__Task prompt__. Omit every picture, and retype the lines that run from the beginning of the data below through the line containing "Monitor de Bebé", inclusive.

__Input data__.
◆ ◆ ◆ ◆ ◆
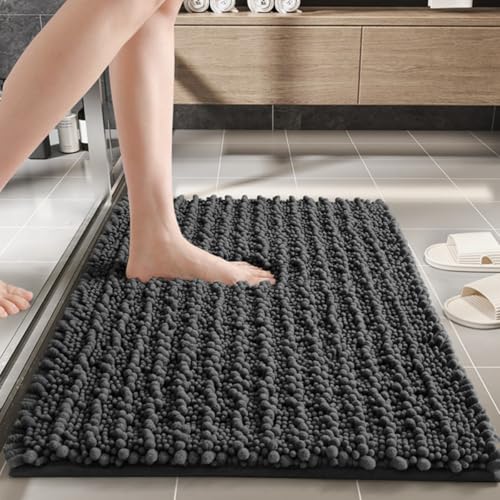 Highdi Badematte rutschfeste Saugfähige Badezimmerteppich aus Chenille Weich Verdickte Minimalistische Badteppich Waschbar, Badvorleger für Badezimmer, Badewanne, Dusche (Schwarz,50x80cm) von Highdi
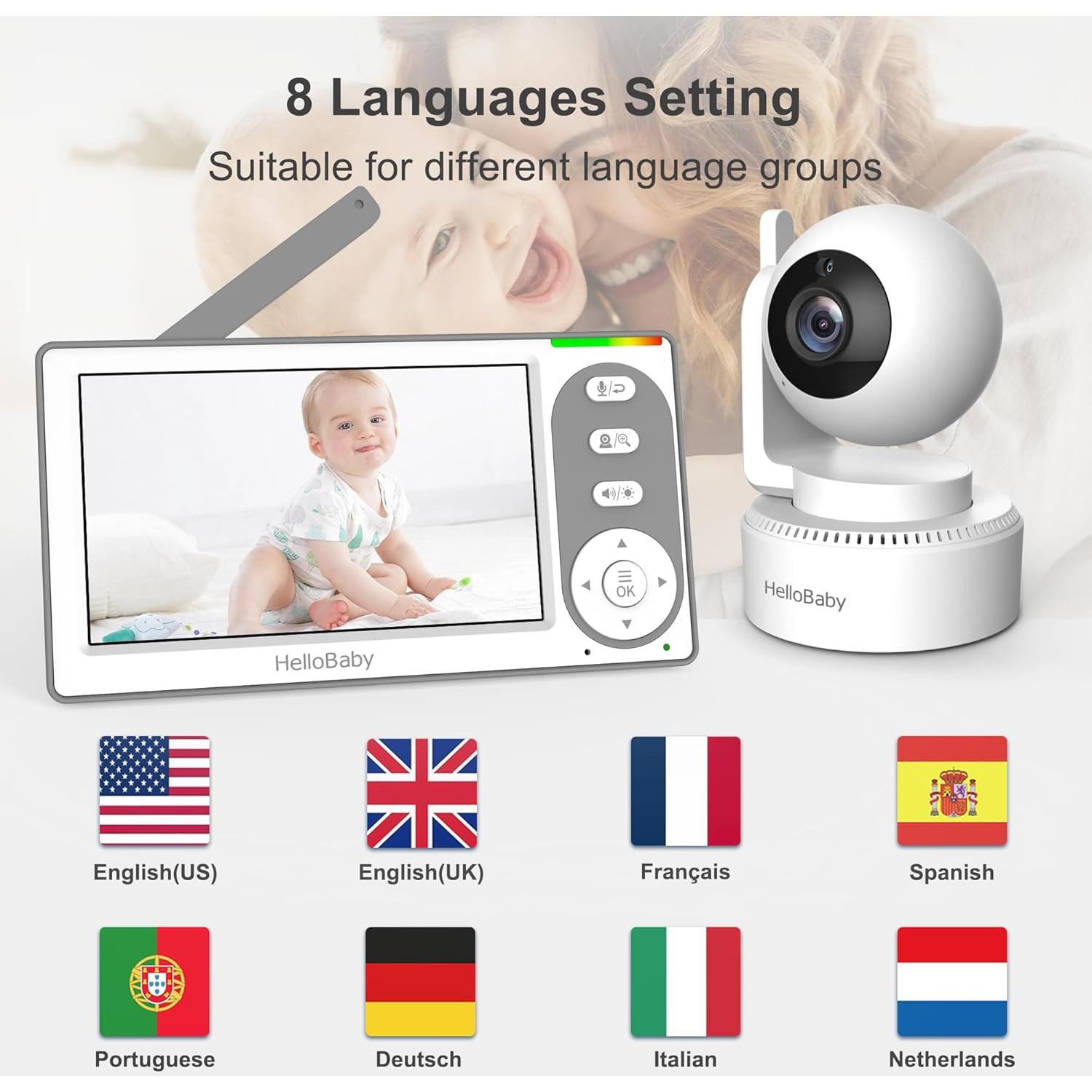 Monitor de Bebé HelloBaby HB6148 4.3'' Video Sin WiFi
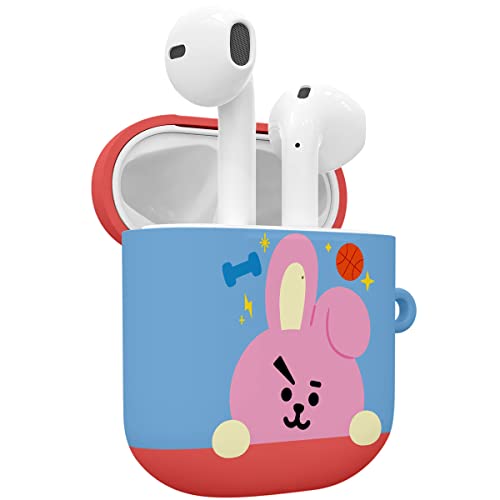 BT21 Official Merchandise Designed for Airpods Case Cover Protective Hard Case with Keychain for Airpods 1 & 2 Case - Cooky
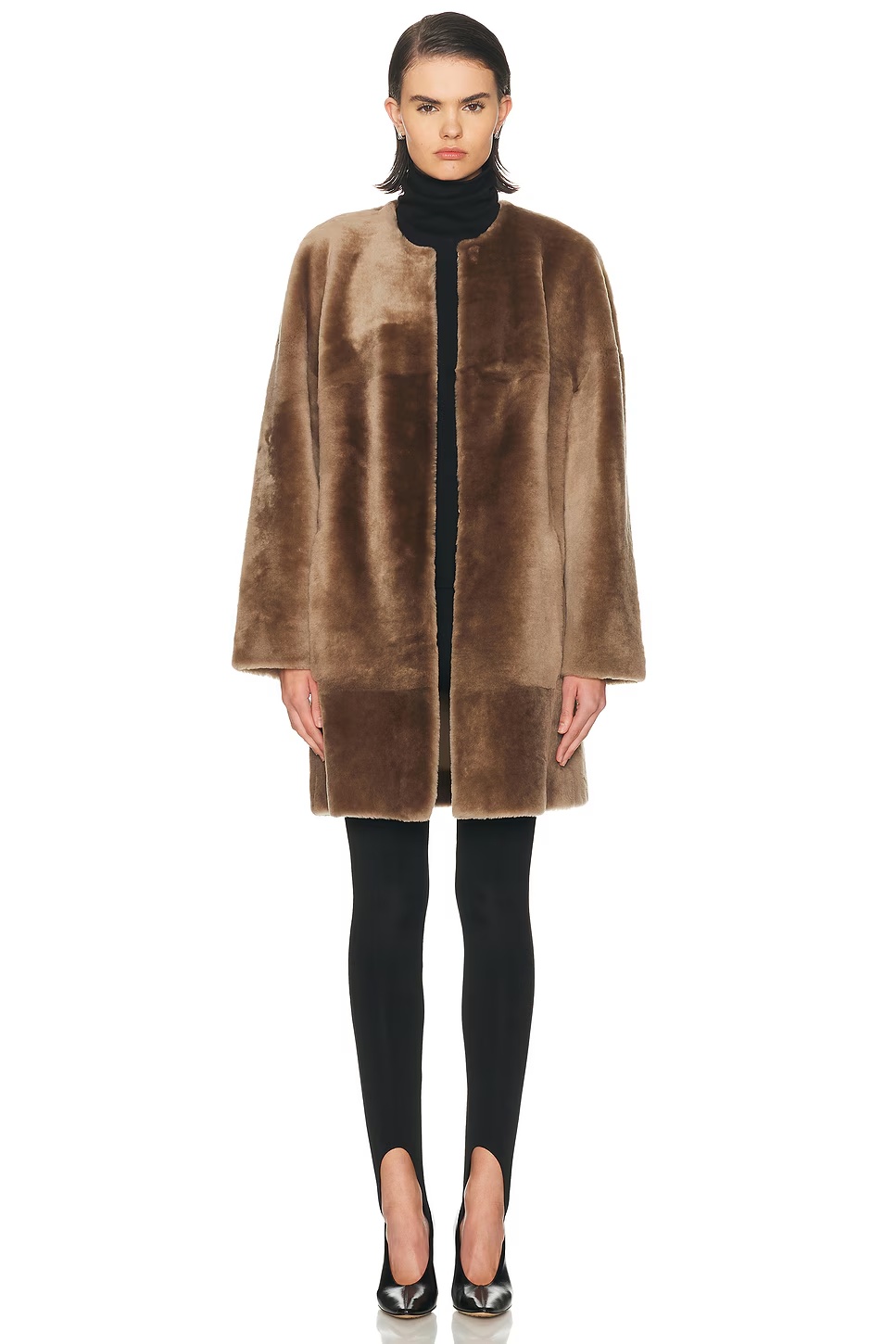 Roisin Shearling Coat Taupe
◆ ◆ ◆ ◆ ◆
__Response area__.
 Highdi Badematte rutschfeste Saugfähige Badezimmerteppich aus Chenille Weich Verdickte Minimalistische Badteppich Waschbar, Badvorleger für Badezimmer, Badewanne, Dusche (Schwarz,50x80cm) von Highdi
 Monitor de Bebé HelloBaby HB6148 4.3'' Video Sin WiFi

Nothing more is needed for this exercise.